[YOUR INSTRUCTIONS] There is material below. Print exactly the lines starting at the line with "HUNTERS CHASE CONDO PH 1 - Residential" and ending at the line with "Серый Тойота Авенсис, объемом", ends included, and no others.

[DATA FOR THIS EXERCISE]
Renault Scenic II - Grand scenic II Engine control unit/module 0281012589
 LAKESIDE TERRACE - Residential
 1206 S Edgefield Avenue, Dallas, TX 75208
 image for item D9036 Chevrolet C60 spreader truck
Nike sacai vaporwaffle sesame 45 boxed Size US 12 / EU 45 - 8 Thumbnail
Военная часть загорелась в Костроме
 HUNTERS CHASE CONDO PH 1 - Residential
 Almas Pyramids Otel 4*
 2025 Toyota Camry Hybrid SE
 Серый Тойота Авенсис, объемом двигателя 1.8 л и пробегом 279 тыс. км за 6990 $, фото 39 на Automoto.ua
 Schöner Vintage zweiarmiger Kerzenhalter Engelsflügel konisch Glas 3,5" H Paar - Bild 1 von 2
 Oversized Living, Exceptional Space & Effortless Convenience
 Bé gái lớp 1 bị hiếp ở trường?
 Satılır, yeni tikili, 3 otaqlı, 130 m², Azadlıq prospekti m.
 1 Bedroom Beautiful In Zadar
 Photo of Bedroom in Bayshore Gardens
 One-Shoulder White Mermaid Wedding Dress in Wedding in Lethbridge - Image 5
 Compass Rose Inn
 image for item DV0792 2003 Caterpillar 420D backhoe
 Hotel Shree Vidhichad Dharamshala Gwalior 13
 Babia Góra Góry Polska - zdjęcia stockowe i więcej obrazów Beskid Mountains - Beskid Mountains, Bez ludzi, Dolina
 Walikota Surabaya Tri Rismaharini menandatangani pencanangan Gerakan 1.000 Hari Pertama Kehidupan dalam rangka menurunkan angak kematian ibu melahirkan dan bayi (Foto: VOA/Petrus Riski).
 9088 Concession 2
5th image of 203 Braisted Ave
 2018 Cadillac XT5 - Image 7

[FINISHED TASK]
 HUNTERS CHASE CONDO PH 1 - Residential
 Almas Pyramids Otel 4*
 2025 Toyota Camry Hybrid SE
 Серый Тойота Авенсис, объемом двигателя 1.8 л и пробегом 279 тыс. км за 6990 $, фото 39 на Automoto.ua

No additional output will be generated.